Medications is another one of those dreaded but necessary evils of lupus. No matter how hard you try to stay off them, or limit them to only a few that are or seem totally needed, they can wreak havoc on your body, system and quality of life. For most lupies prednisone or steroids of some sort are an necessary evil. I have tried my hardest to only go on them if I am in desperate need. Like now, for instance. I have sores all over my face from some sort of infection and I reluctantly went on them to help heal. But once this dose is done I will not go back on them again until absolutely needed. Other meds include methotrexate, plaquinel, muscle relaxers, pain meds, blood pressure meds, anti arthritus meds, injections of medication for joint degeneration, gabapentin for nerve pain, anti depressants, and the list goes on. Now, granted we are not all on these same meds, some are on all, some are on only a few, but whatever a lupie is on can greatly affect their life. It’s a balancing act and I will admit to have gotten out of that balance and ending up in the hospital because I have not been watching carefully enough what I take and when. I have gotten so much better with the help of my kids and the help of just realizing it was time to get serious about medication care and control and scheduling. I want to be clear here however that people with Lupus are NOT drug addicts. And, a lot of the drug problems happen because doctors just don’t know enough about it, and one doc gives this drug that interacts with that one and it causes a big ole mess. Not that I haven’t felt like a drug addict at times, or wondered if I am better off not taking anything and just dealing with the pain…been there, tried it and guess what…the pain is unbearable…unlike any pain I have felt in my life.

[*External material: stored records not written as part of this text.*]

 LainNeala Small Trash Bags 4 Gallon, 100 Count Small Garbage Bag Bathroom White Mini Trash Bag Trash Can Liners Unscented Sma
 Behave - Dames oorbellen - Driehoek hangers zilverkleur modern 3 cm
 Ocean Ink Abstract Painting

There are certainly days when just getting out of bed, just taking a shower causes so much exhaustion, so much fatigue it is better to skip the shower in order to get other things done in the day. AT the same time there have been times, in the middle of the night that I have sat under the hot water in the shower to try to relieve some of the pain i feel and cannot manage.

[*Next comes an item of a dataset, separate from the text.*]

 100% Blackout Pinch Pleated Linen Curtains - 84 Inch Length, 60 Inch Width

So, why am I writing all this now? Maybe it’s because I am going to be a new grandma soon. Maybe it’s because I really feel it’s high time more people know and understand this illness and that it is one that so many people fight and those people are often looked at as hypochondriacs, and emotionally unstable. It’s real. It’s not a joke. So, if you know someone with lupus, give them a break, a helping hand, understanding, love, let them know you are on their side. And, if there are days they want to give up talk them through it. Because no matter what there are beautiful things in life that deserve to be enjoyed, and lived. Most of all they need encouragement that on those bad days tomorrow will come and hopefully tomorrow will be better.
And to all you lupies out there….carry on!!!!!